Here are the headline numbers from the period:

  • Revenue more than doubled to $13.78 million. This was slightly ahead of what Wall Street had expected.
  • Backlog at quarter's end was $43 million.
  • Gross margin was 15% for the quarter, which is a significant improvement from the negative 61% reported in the year-ago period. 
  • Non-GAAP (generally accepted accounting principles) net loss was $1.1 million, or $0.05 per share. That was much lower than the $0.23 loss in the year-ago period and compared favorably to the $0.07 loss that Wall Street expected.
  • Cash balance at quarter end was $27.8 million.

Management also tweaked its revenue guidance for the year, stating that it now expects to end within the "lower half" of its range of $51 million to $55 million. For context, Wall Street was expecting $52.8 million in revenue for the year.

BUsiness man looking at pile of money with magnifying glass

Image source: Getty Images.

Traders appear to be squarely focused on the better-than-expected quarterly results and are shaking off the weak guidance.
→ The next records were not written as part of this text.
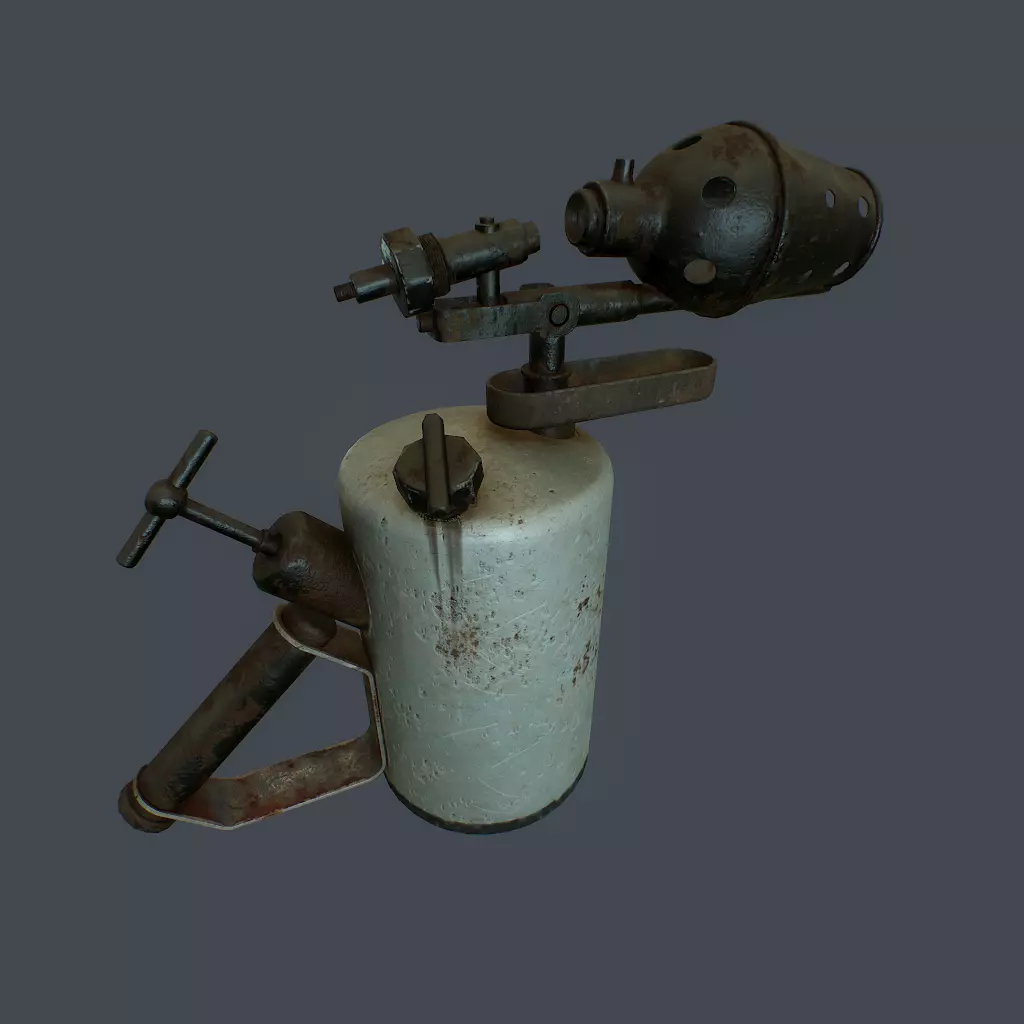 Old Flame Thrower Low-poly 3D model_0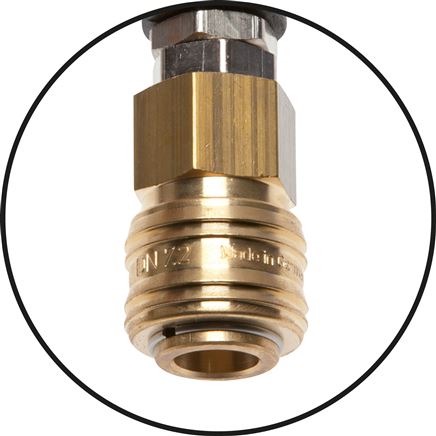 PUR-Spiralschlauch 8 x 5mm mit Kupplung, 7,5mtr. Arbeitslänge, NW 7,2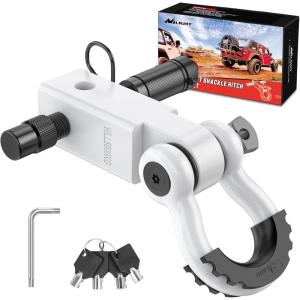 imageNilight Shackle Hitch Receiver 2Inch 45000 LBs Breaking Strength 34 D Ring Trailer Fasten Pin Heavy Duty Solid Recovery Towing Kit for Trucks Jeeps OffRoadHitch w Lock Pin White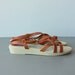 brown leather sandals / italian made sandals / wedge sandals - size 10 , 41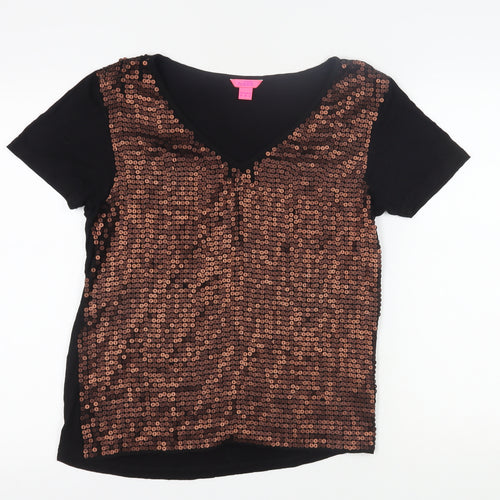 Monsoon Women's Black Sequin T-Shirt Size 10, V-Neck Party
Check out the latest earnings call transcript for Avid Bioservices.

Now what

Avid's CEO Roger Lias nicely summarized the progress that has been made over the last year:

During the past 12 months we have significantly diversified our client base, thus reducing risk and building a pipeline of future manufacturing opportunities. We have built commercial and operational infrastructure to support growth, right-sized the organization, significantly cut costs, and increased capacity utilization resulting in improved margins. As a result, we are firmly on-track toward profitability and positive EBITDA.

Overall, revenue is rising, the backlog is growing, margins are heading in the right direction, and the net loss is shrinking. That's a lot of positive developments for investors to be excited about.

On the flip side, the company is still losing money, so this is still a risky business. However, there is a lot going right for this company right now, so I look forward to tracking this company's progress from the sidelines.